• Description of the task:
Would you please copy each line of the listing that mentions "with"?

• Source data:
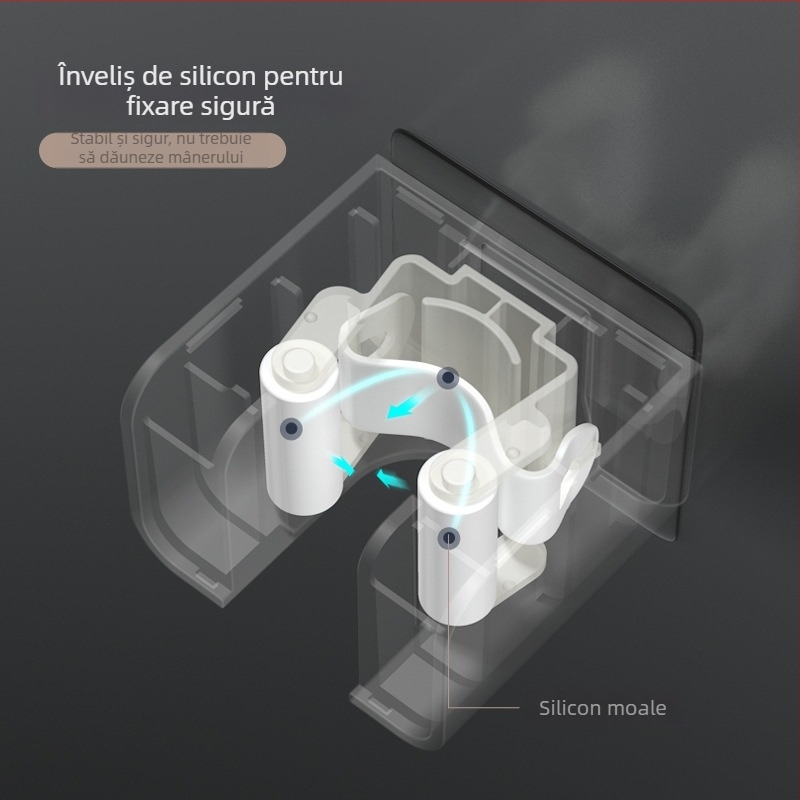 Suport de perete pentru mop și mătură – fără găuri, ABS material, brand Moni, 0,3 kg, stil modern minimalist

* * *

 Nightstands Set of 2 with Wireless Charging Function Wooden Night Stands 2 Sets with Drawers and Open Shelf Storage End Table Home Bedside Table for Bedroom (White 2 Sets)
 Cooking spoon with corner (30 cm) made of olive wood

• Answer space:
 Nightstands Set of 2 with Wireless Charging Function Wooden Night Stands 2 Sets with Drawers and Open Shelf Storage End Table Home Bedside Table for Bedroom (White 2 Sets)
 Cooking spoon with corner (30 cm) made of olive wood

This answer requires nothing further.